October 30, 1985. Rehearing Denied December 17, 1985.
Appeal from the Circuit Court, Marion County, Anthony J. Metz, III, Special Judge.
Michael A. Bergin, Burton M. Harris, Locke, Reynolds, Boyd Weisell, Indianapolis, for appellant.
James R. Fisher, Ice, Miller, Donadio Ryan, Indianapolis, for appellees.
Plaintiff-appellant Nahmias Realty, Inc. (Nahmias) appeals the Marion Superior Court's award of no damages after it found liability as to defendants-appellees Alvin Cohen and Affiliated Agencies, Inc. (Affiliated).
Reversed.
ISSUE
Restated, the sole issue presented by this appeal is whether the trial court's award of no damages after its finding of liability amounts to an inadequate recovery.
See, Ind.
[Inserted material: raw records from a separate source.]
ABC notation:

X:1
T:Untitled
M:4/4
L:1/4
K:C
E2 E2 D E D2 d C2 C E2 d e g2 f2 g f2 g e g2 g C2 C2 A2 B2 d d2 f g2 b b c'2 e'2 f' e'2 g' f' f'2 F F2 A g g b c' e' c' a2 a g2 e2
Rules of Procedure, Trial Rule 59(A)(3).
FACTS
Nahmias owned a commercial building in Indianapolis. It relied on Affiliated to adequately insure the building against fire loss. Affiliated purchased a fire policy from American Insurance Company (American) which contained a "replacement cost" endorsement, but through clerical error Affiliated failed to insure the building in an amount sufficient to satisfy the policy's co-insurance clause. Affiliated also failed to advise Nahmias it could obtain code update coverage by purchasing a waiver of the standard clause in replacement cost fire policies excluding it. Under code update coverage the insurance carrier after a loss pays the additional cost of modifying the building to conform to current fire and building codes, including the undamaged parts of the building.
In 1977, the building burned, and Nahmias elected to repair it. American, however, refused to pay the full cost necessary to restore the building to its former condition because Nahmias was underinsured. It bought another building. In 1983, the city of Indianapolis condemned the damaged building, paying $250,000 for it as is. Nahmias sued American and Affiliated.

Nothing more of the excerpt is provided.